What is the point of Skatebuzz, exactly? Is it simply to give existing fans a more in-depth look into the ins and outs of the Canadian skating world? Because it seems like it spends just as much time celebrating the federation itself.
If Skatebuzz isn't directed at bringing in new fans, but is instead meant to provide a more extensive look into the world of Canadian skating, than why does Skatebuzz merely give thirty second peeks into that world with bad music in the background.
And why is the site director for Skatebuzz making $95,000 to $110,000 a year running a website that for the most part, provides nothing more than a few short interviews and live-streams of certain competitions? I guess what I'm getting at is, what is Skatebuzz supposed to do for the federation as a whole? How does it help grow fans for the sport? And if that's not the point of the website, what is supposed to be growing fans for the sport? Is growing fans for the sport via public outreach even that important to SC outside of their CanSkate programs?

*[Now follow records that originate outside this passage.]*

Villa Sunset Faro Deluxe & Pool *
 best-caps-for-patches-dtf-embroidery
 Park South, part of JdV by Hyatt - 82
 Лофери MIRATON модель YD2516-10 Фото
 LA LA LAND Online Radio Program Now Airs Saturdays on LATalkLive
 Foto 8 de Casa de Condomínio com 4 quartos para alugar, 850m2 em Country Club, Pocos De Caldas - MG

Skating is an expensive sport. The Canadian economy is struggling. Skate Canada can only fill half of the seats in the arenas for major competitions. Yet they have the World champion in men's singles and perhaps the greatest ice dance team to skate in several decades. And still, Patrick Chan is down to one sponsor and Tessa and Scott appear openly allergic to anything that would require them to leave their carefully crafted bubble. Something is terribly wrong with this picture. Canada is a skating nation. It can't all be about hockey (which is also expensive to play). Twitter is free to use. SC is paying its Skatebuzz director a nice salary. So the fed is hurting in ticket sales, have three amazing skaters to hang their hat on, and yet do very little to reach out to the public. In terms of simple economic analysis, this makes no sense.
And what's amazing to me is that only after being chastised on the internet for A YEAR did SC even attempt to better publicize HPC and other pre-season events to the public, and while I'm glad they've provided photos and videos, it still looks like a poor man's version of what the USFSA could do in its sleep. If there hadn't been a lot of uproar about how "SC sucks at this" on the internet, would they have changed a thing?
But again, all of this really has me thinking about "the bubble." It seems that it isn't just Tessa and Scott who live in it, but that SC exists in a much bigger one (of which Tessa and Scott exist within, along with all of it's other skaters), rendering them unable to see how badly they're botching things up. It feels very insular and elitist to me.